[Start of Attachment]
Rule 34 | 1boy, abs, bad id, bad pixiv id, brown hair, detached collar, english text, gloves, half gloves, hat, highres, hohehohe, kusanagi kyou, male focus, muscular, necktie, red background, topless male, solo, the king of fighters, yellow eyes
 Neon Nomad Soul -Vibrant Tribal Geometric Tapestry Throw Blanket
[End of Attachment]
[Start of Attachment]
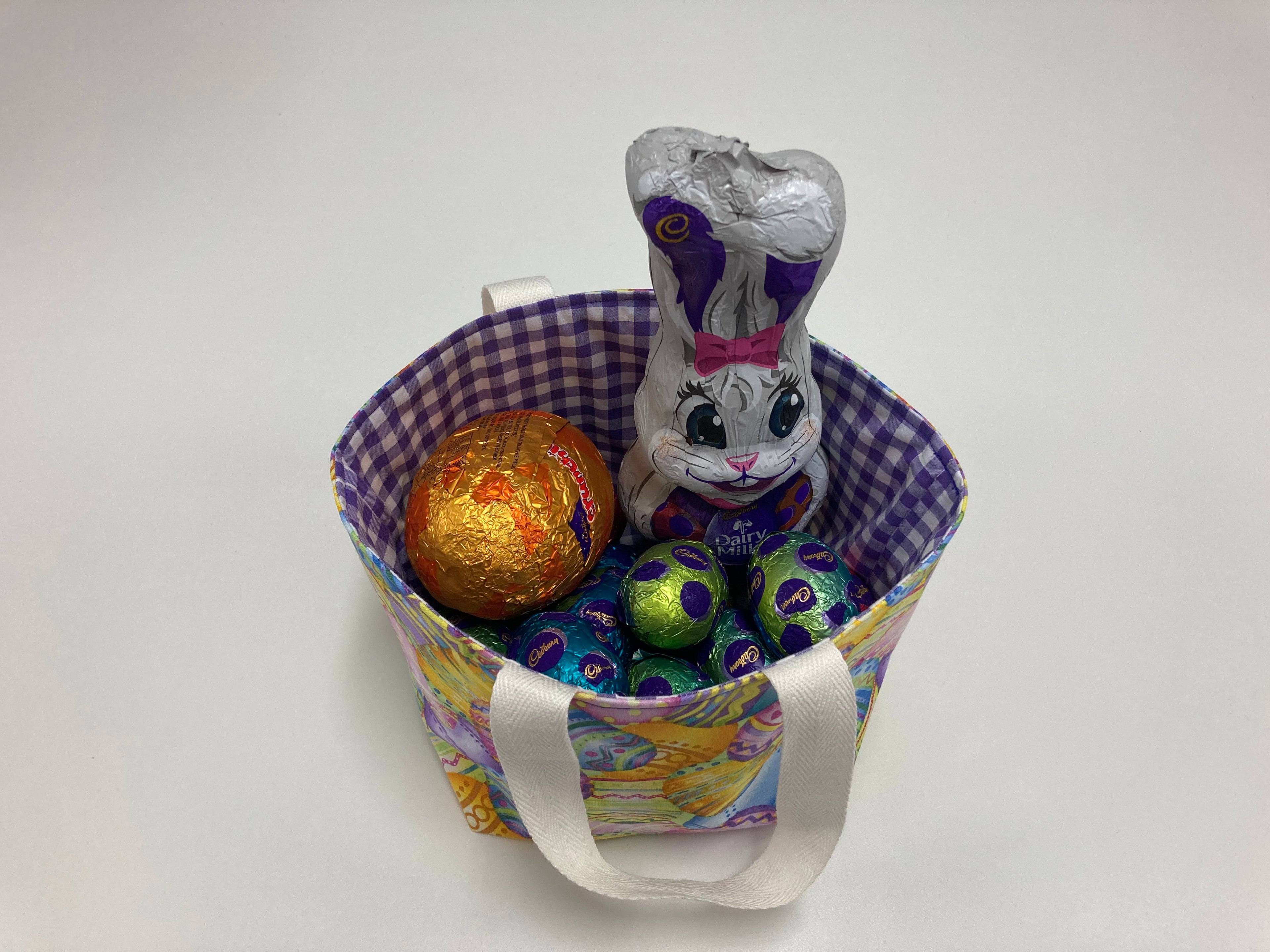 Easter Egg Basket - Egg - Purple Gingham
[End of Attachment]
Using the records above, restate word for word the lines from the one with "Rule 34 | 1boy, abs, bad" through the one with "Neon Nomad Soul", both included.

Rule 34 | 1boy, abs, bad id, bad pixiv id, brown hair, detached collar, english text, gloves, half gloves, hat, highres, hohehohe, kusanagi kyou, male focus, muscular, necktie, red background, topless male, solo, the king of fighters, yellow eyes
 Neon Nomad Soul -Vibrant Tribal Geometric Tapestry Throw Blanket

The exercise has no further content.